What the task requires
Every line of the listing that holds the word "sprzedaż" should be returned.

Data

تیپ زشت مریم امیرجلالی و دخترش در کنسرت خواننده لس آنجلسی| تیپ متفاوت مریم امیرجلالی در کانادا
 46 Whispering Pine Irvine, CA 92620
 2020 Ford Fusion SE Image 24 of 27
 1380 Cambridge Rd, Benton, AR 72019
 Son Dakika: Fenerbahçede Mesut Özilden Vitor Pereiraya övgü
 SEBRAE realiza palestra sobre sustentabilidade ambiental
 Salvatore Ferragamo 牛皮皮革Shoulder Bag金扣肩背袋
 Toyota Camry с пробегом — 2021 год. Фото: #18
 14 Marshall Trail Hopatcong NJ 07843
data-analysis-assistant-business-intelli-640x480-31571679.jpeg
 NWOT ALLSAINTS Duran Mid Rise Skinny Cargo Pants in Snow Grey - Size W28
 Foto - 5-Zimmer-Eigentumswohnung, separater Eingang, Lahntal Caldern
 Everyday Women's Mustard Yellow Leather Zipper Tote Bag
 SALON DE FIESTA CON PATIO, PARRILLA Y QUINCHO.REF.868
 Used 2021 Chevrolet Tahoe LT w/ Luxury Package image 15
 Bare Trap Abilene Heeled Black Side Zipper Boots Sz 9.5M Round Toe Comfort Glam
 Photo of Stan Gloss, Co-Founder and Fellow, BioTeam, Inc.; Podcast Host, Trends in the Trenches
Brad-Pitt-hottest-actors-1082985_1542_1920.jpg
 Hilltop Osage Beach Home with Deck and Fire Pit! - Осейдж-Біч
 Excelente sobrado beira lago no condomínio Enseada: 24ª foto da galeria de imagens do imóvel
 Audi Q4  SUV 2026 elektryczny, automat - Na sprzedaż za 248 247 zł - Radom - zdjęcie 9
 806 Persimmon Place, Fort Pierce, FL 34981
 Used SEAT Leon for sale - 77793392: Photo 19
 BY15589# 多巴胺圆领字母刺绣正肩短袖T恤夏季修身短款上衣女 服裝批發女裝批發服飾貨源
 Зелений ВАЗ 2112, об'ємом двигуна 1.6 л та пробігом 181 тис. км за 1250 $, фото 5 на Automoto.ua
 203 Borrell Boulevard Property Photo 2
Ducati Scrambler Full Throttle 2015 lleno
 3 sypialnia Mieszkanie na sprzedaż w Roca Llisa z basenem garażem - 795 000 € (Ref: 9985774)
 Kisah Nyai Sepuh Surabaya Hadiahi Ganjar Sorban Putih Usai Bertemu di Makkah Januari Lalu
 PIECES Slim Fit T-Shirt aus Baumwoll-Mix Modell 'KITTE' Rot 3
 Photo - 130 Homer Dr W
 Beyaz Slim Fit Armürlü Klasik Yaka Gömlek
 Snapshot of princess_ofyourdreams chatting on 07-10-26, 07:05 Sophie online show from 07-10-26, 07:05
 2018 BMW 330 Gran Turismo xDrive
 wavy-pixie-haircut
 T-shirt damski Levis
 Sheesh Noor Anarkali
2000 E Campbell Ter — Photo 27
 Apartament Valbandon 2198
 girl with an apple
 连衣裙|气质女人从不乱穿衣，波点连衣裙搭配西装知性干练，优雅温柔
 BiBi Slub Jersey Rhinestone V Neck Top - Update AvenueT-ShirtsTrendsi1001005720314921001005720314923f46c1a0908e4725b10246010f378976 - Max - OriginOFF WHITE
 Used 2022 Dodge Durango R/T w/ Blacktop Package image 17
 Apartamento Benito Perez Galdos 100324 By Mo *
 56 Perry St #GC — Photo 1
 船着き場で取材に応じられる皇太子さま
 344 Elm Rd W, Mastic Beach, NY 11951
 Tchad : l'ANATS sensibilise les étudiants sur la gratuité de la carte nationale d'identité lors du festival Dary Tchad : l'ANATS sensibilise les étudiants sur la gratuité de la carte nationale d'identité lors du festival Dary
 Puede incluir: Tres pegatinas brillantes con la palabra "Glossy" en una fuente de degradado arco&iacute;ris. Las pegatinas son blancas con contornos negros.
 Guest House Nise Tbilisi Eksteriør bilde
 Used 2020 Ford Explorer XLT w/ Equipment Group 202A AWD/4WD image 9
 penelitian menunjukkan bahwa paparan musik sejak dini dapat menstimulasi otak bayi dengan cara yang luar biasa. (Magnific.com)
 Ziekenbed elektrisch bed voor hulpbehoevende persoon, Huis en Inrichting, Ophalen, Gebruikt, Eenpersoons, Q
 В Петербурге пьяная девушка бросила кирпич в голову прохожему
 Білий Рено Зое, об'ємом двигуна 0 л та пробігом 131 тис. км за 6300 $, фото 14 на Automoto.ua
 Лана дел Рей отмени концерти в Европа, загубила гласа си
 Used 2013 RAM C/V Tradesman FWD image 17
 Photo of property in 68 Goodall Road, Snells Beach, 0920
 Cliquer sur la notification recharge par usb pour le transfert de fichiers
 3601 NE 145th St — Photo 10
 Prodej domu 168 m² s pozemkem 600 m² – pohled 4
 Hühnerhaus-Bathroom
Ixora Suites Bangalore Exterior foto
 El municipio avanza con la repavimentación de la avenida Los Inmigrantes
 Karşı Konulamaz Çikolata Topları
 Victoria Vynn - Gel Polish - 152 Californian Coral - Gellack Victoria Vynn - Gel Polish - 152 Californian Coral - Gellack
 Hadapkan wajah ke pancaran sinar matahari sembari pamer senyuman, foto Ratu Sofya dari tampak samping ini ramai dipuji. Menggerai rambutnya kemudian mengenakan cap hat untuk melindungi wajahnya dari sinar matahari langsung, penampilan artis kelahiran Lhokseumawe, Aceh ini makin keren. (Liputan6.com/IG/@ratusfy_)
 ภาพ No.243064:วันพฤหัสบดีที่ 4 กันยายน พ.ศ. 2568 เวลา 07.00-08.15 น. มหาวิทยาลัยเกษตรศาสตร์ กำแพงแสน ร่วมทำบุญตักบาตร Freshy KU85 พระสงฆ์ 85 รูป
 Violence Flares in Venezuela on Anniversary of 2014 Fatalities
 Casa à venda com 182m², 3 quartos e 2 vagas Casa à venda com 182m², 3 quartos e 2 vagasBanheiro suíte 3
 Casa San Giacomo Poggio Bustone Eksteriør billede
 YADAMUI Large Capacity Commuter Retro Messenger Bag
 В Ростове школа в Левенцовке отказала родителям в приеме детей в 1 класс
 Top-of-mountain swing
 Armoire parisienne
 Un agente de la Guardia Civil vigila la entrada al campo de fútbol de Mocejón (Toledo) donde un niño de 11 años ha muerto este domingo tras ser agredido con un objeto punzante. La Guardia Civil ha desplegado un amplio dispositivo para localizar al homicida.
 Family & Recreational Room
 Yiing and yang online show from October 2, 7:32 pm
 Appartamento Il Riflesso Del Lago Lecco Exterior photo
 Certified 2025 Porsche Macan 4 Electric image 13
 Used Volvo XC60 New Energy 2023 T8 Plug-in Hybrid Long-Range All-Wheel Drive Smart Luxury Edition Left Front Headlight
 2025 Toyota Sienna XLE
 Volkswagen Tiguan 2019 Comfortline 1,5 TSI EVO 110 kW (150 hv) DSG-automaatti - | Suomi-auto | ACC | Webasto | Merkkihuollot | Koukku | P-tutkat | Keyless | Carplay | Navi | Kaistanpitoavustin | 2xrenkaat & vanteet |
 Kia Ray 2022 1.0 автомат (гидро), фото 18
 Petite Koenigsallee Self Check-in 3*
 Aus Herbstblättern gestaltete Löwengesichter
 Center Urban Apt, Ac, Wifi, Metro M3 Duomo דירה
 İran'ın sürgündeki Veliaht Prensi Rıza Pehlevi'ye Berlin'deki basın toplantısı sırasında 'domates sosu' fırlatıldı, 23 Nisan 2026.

Solved exercise
 Audi Q4  SUV 2026 elektryczny, automat - Na sprzedaż za 248 247 zł - Radom - zdjęcie 9
 3 sypialnia Mieszkanie na sprzedaż w Roca Llisa z basenem garażem - 795 000 € (Ref: 9985774)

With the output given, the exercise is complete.